En 1576, le Habsbourg Rudolph II venant d'accéder à la couronne du Saint-Empire place le compositeur Philippe de Monte à la tête de sa Chapelle. Denis Raisin Dadre a construit autour de la Missa super confiteor tibi Domine de Monte un programme rendant compte de la présence d'autres musiciens à la Cour de Rudolph, comme Oroglio, Regnart, etc.

Investissant l'Église Saint-Louis du Prytanée de La Flèche, il fait sonner les vents d'une première Intrada d'Alexander Oroglio depuis la galerie supérieure gauche, mettant ainsi en scène l'espace et l'acoustique.

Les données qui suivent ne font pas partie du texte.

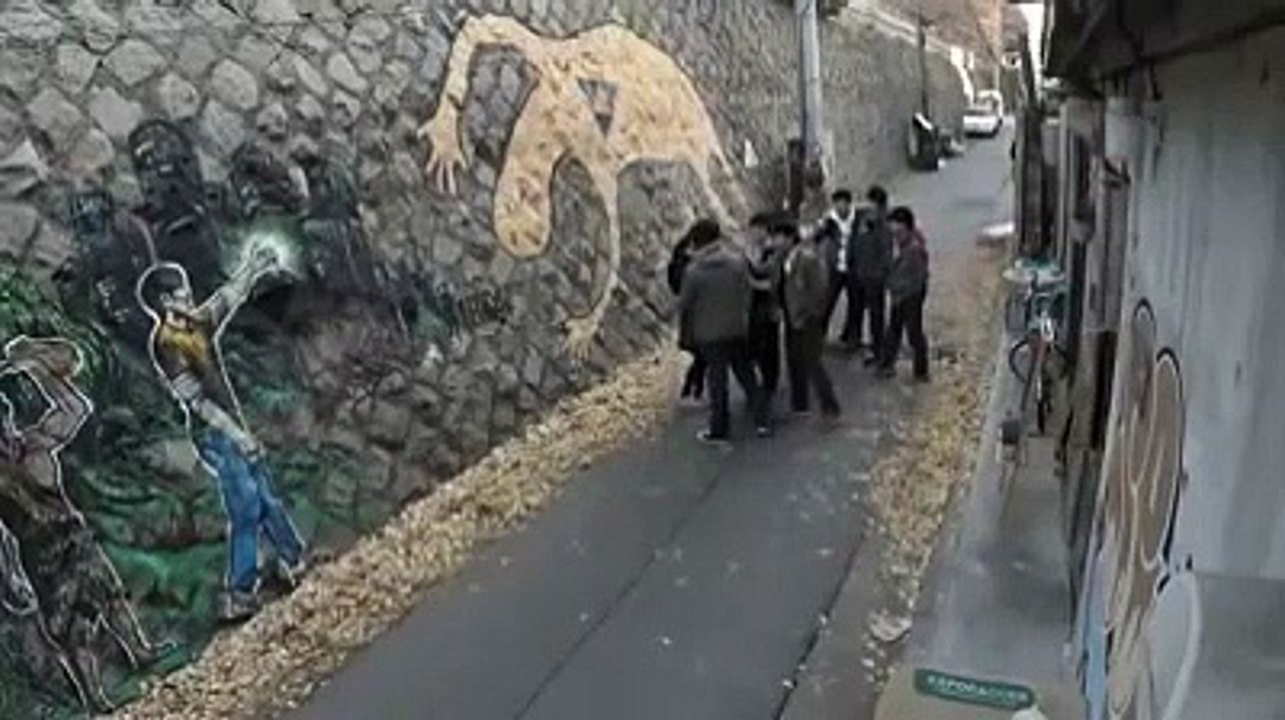 Girl surronded by bandits, they regret it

L'Exultent iusti de Jacob Regnart répond ensuite en galerie droite, dans un grand souci d'équilibre, stimulant l'écoute. Un chanteur gagne le chœur pour l'Introit tandis que, peu à peu, Doulce Mémoire et les voix l'envahissent pour interpréter la pièce maîtresse de la soirée. Dès le Kyrie de cette messe à double chœur, on constate une joie certaine dans l'articulation du chant, voire une relative sensualité. C'est encore la musique de Philippe de Monte qui ferme ce moment, après que les artistes nous aient fait entendre un Laudate pueri de Lambert de Sayve et d'autres pièces d'Oroglio et de Regnart.